- TASK INSTRUCTIONS
Below are records with pictures. Transcribe exactly, and only, the lines from the line with "Handsome young afro" to the line with "Iranian sailors, wearing", both ends included, but not the pictures.

- SUPPLIED RECORDS
------------------------------
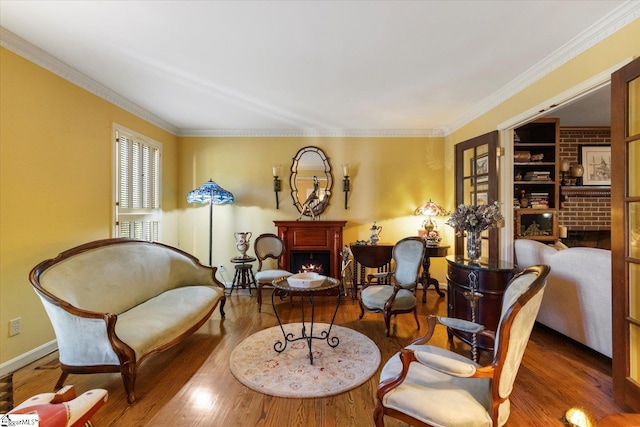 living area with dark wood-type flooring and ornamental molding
------------------------------
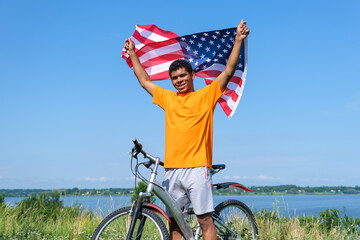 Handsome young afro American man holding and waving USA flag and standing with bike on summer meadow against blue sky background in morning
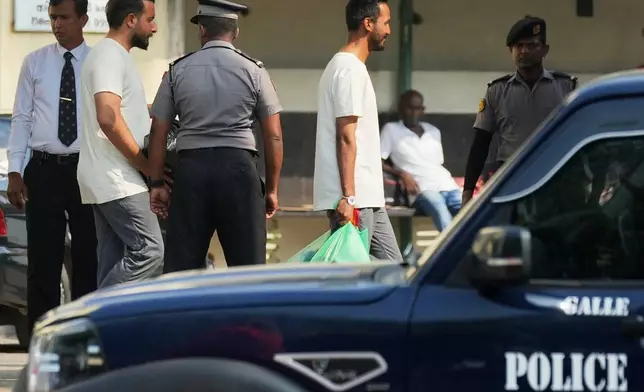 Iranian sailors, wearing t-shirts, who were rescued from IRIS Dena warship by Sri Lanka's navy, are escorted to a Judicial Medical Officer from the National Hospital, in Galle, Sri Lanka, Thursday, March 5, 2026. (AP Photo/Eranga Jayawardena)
------------------------------
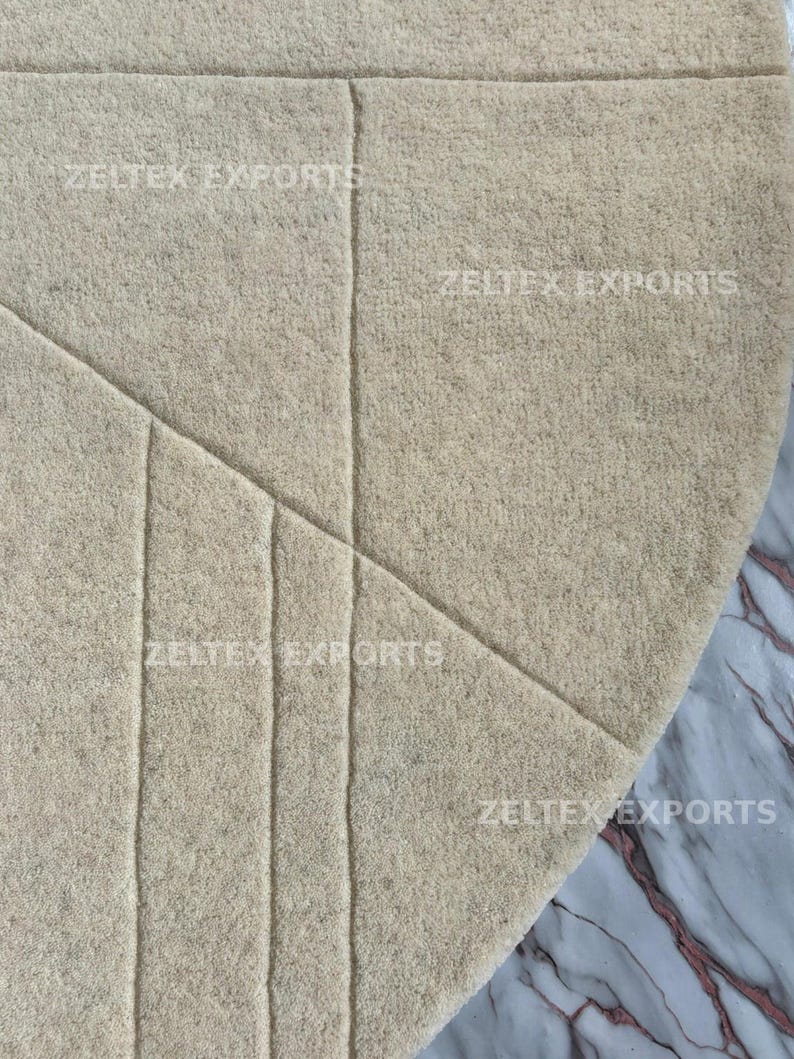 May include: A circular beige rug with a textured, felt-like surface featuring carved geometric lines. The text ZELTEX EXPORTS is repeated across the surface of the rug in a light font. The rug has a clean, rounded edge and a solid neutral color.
------------------------------
- RESULT
 Handsome young afro American man holding and waving USA flag and standing with bike on summer meadow against blue sky background in morning
 Iranian sailors, wearing t-shirts, who were rescued from IRIS Dena warship by Sri Lanka's navy, are escorted to a Judicial Medical Officer from the National Hospital, in Galle, Sri Lanka, Thursday, March 5, 2026. (AP Photo/Eranga Jayawardena)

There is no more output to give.